* **Directions**
From the line containing "Bộ trưởng Nguyễn" to the line containing "105 Rip Van Dam Ct, Belle Mead, NJ 08502" in the records below, set down every line exactly as it stands, both ends included, and skip the pictures.

* **The data**
------------

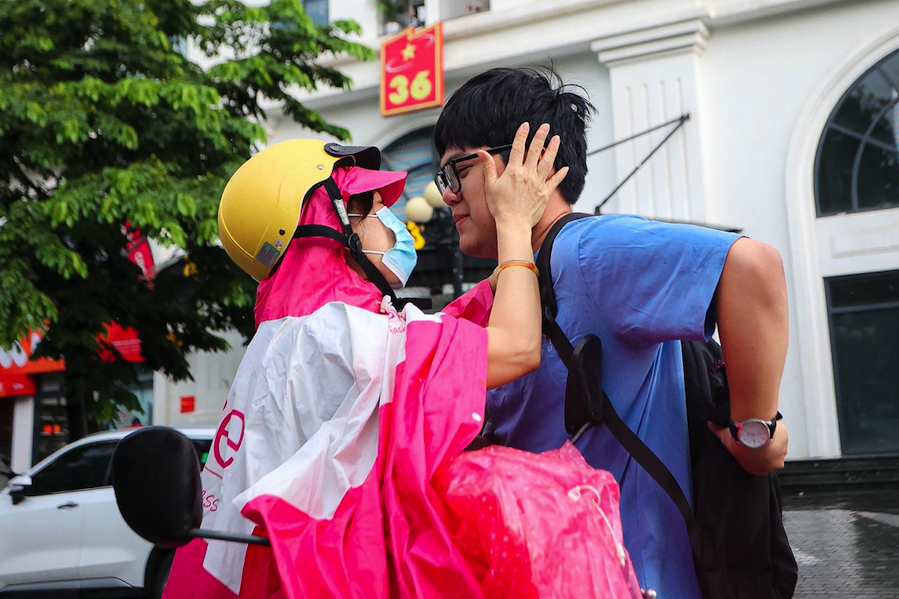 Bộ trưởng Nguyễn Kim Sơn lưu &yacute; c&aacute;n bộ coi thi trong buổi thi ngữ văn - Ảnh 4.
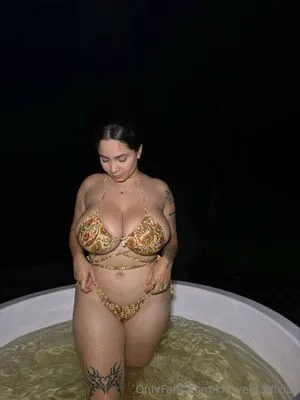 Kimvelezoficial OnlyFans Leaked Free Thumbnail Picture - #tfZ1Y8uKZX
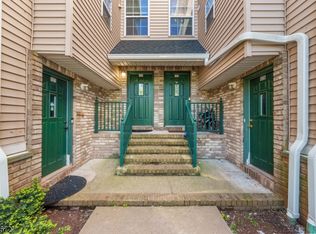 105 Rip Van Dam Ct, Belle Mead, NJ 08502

------------

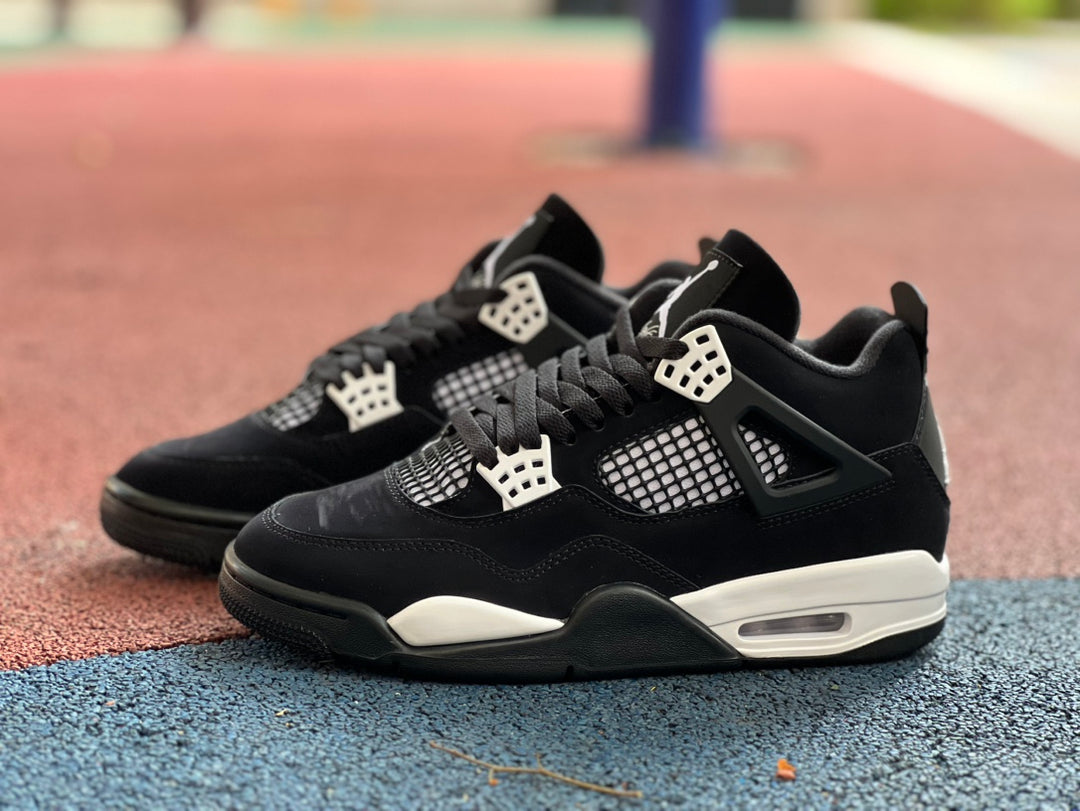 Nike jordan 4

------------

* **Problem solution**
 Bộ trưởng Nguyễn Kim Sơn lưu &yacute; c&aacute;n bộ coi thi trong buổi thi ngữ văn - Ảnh 4.
 Kimvelezoficial OnlyFans Leaked Free Thumbnail Picture - #tfZ1Y8uKZX
 105 Rip Van Dam Ct, Belle Mead, NJ 08502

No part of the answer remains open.